Reboot is not always required, but we will leave that up to the user as is handled currently. Post install script that will notify the user to reboot. Does require a new pkg feature to handle this: pkg#1699
- How to handle removed files/packages (i.e., rcmds removal in 12-CURRENT)
- manu@: pkg autoremove should be just what's needed here
Conversion script to pkgbase to handle registering pkgs without forcing pkg install -f or similar.
IDEA: script shipped with METALOG from a full build that walks the METALOG and does pkg register with the version from freebsd-version as it finds files that belong to pkgs.
- IDEA: Ship the plist and ucl files from the build, since that is what pkg register would need.
Metapkgs: The current is to implement a pkg feature called groups. See: pkg#1697
Retrospective
A call for testing was made in March 2016.
Major blockers and critical issues appeared to be resolved.
Glen Barber's notes from the packaging session at the 2017-08 BSDCam devsummit
Userland packages sets – can someone clarify what exactly this means?
TODO:
Package containing the source tree that a [base] package set was built from.
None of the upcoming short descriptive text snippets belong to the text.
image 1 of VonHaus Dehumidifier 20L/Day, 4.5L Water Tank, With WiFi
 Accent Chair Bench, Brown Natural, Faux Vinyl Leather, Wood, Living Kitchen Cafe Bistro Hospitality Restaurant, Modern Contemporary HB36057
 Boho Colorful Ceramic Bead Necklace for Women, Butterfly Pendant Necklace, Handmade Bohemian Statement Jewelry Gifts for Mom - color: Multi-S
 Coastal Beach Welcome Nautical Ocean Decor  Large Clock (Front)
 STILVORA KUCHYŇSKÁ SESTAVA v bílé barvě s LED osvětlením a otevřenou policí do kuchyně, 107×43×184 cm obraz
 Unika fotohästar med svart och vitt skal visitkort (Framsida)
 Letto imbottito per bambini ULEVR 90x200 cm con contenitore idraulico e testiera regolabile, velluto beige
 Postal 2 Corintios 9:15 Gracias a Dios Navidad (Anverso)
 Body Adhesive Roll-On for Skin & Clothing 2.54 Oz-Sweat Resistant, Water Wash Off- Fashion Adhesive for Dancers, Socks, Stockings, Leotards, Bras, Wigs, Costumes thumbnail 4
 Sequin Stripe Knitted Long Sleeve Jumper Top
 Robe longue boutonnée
Note: while I think this is a good idea, I have concerns about behavioral consistency between pkg upgrade and svn up ''/usr/src''. Some things that come to mind immediately are:
locally-patched source trees and losing patches on pkg upgrade;
svn up changing checksums recorded in the pkg(8) database;
ultimately "Which one wins?" in an update of /usr/src?
Add SVN rev of source tree to pkg metadata (or equivalent, plus indicate if the tree has been modified similarly to uname(1)) (Note: committed as r322412.)
RDBMS-backed web application to collect file checksums from every official package and allow users to verify files on-line.
Using pkgdb as an IDS? Support pkg audit?
Document FreeBSD 14.1 the source package.